[[ Working data open ]]
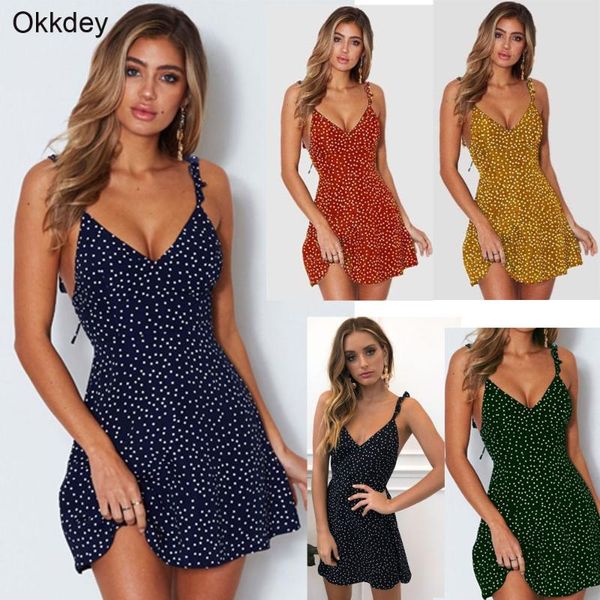 casual dresses women's summer 2021 dress ladies high waist dot printing mini vestidos back lacing straps backless, Black;gray
casual dresses women's summer 2021 dress ladies high waist dot printing mini vestidos back lacing straps backless, Black;gray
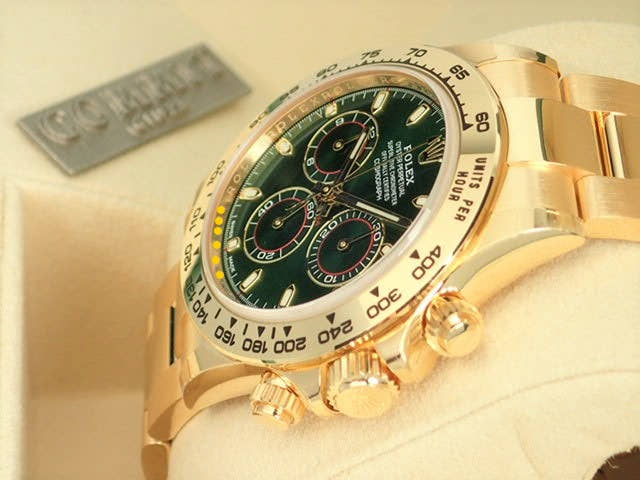 ロレックス デイトナ Ref.116508 グリーン文字盤 未使用 daytona-181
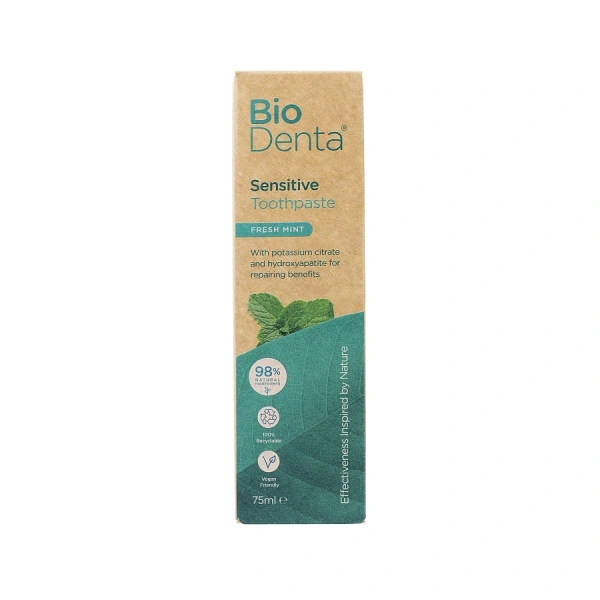 BECONFIDENT BioDenta Pasta do zębów wrażliwych o smaku świeżej mięty (75 ml)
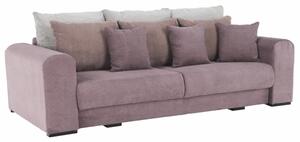 Rozkladacia pohovka s úložným priestorom Gilen Big Sofa - fialová / staroružová / béžová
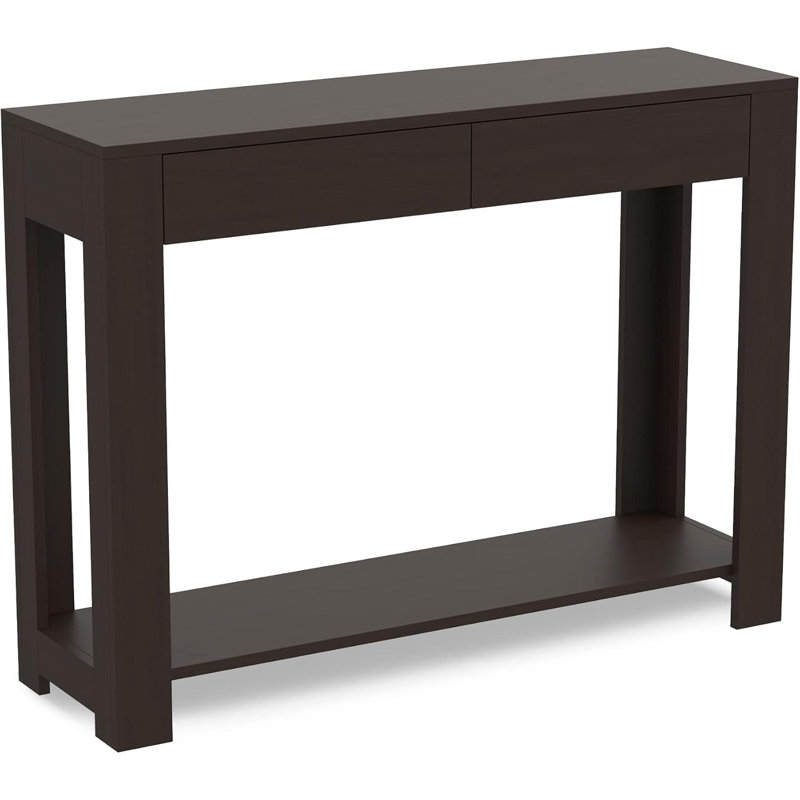 Console Tables For Entryway, Boho Console Table With Drawer And Shelf, Use As Doorway Table, Makeup Desk, Or Accent Furniture For Decorating Foyer, 12 X 40 X 30 Inches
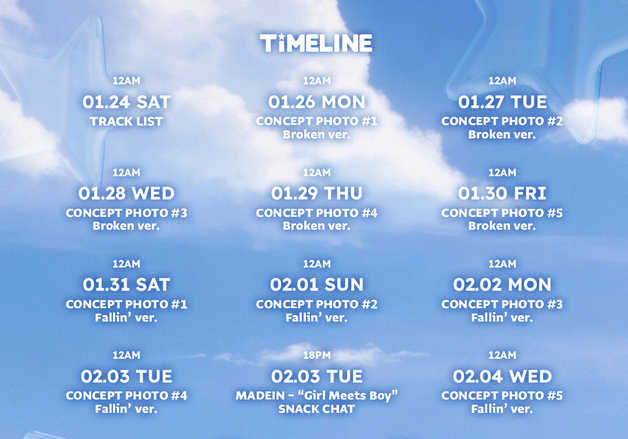 메이딘, 2월 9일 컴백 확정…새 싱글 '걸 미츠 보이' 발매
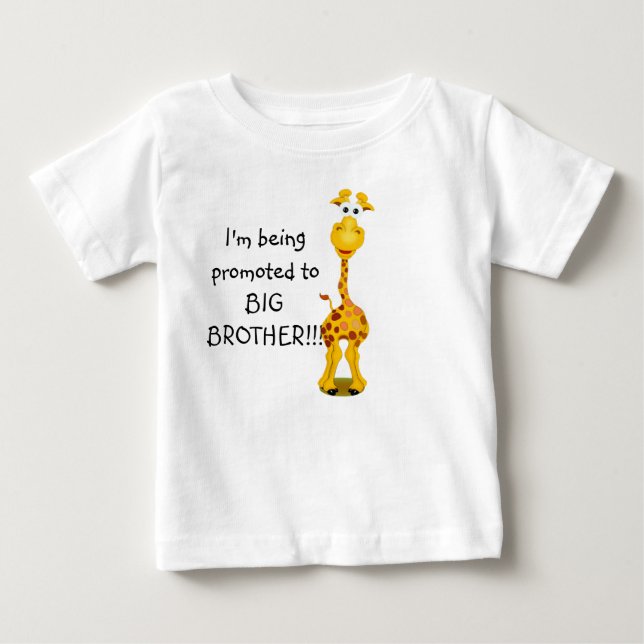 Giraffe Promoted to Big Brother  Infant Tshirt (Front)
[[ Working data closed ]]
### Your goal:
With images excluded, write the records above out again exactly.

### Answer section:
 casual dresses women's summer 2021 dress ladies high waist dot printing mini vestidos back lacing straps backless, Black;gray
casual dresses women's summer 2021 dress ladies high waist dot printing mini vestidos back lacing straps backless, Black;gray
 ロレックス デイトナ Ref.116508 グリーン文字盤 未使用 daytona-181
 BECONFIDENT BioDenta Pasta do zębów wrażliwych o smaku świeżej mięty (75 ml)
 Rozkladacia pohovka s úložným priestorom Gilen Big Sofa - fialová / staroružová / béžová
 Console Tables For Entryway, Boho Console Table With Drawer And Shelf, Use As Doorway Table, Makeup Desk, Or Accent Furniture For Decorating Foyer, 12 X 40 X 30 Inches
 메이딘, 2월 9일 컴백 확정…새 싱글 '걸 미츠 보이' 발매
 Giraffe Promoted to Big Brother  Infant Tshirt (Front)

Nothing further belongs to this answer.